Exercise
Please copy every line with the string "foto" from the entries below.

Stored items
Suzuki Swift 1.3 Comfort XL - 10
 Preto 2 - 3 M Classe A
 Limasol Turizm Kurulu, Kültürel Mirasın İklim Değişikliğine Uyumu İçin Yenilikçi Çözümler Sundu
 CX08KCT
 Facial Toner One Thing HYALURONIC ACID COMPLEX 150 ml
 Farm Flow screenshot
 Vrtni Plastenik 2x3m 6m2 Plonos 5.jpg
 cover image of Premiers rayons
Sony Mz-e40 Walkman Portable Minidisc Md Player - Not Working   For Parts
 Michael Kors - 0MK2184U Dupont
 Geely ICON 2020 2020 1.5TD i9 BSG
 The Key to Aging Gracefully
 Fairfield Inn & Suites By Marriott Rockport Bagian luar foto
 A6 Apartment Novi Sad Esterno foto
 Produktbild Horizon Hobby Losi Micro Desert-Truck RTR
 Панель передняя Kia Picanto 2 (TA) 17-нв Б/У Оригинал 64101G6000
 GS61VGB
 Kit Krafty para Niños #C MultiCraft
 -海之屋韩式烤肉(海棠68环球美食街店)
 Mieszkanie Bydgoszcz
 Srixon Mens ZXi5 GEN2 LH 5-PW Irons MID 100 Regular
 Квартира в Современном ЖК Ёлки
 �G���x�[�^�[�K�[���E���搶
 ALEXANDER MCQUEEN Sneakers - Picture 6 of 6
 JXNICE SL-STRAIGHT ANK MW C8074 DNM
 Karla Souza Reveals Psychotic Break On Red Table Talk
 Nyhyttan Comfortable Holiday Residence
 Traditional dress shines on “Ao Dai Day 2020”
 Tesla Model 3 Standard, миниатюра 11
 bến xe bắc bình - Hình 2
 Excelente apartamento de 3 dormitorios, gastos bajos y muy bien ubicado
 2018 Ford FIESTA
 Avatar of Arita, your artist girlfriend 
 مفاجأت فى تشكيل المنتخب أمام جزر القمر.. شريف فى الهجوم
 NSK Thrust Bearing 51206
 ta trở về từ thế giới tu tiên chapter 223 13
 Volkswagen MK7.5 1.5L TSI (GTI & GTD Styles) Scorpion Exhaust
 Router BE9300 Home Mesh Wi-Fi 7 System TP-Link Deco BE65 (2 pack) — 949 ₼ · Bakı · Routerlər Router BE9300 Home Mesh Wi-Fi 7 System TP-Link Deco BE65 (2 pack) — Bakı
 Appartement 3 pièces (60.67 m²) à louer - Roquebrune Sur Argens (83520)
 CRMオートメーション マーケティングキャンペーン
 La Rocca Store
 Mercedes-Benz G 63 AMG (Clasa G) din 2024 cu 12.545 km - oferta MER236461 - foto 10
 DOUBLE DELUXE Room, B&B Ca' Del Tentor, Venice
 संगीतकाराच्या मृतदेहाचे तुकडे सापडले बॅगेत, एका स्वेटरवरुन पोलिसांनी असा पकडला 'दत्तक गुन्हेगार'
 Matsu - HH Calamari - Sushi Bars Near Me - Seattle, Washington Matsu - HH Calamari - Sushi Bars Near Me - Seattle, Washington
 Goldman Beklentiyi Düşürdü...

Exercise response
 Fairfield Inn & Suites By Marriott Rockport Bagian luar foto
 A6 Apartment Novi Sad Esterno foto
 Mercedes-Benz G 63 AMG (Clasa G) din 2024 cu 12.545 km - oferta MER236461 - foto 10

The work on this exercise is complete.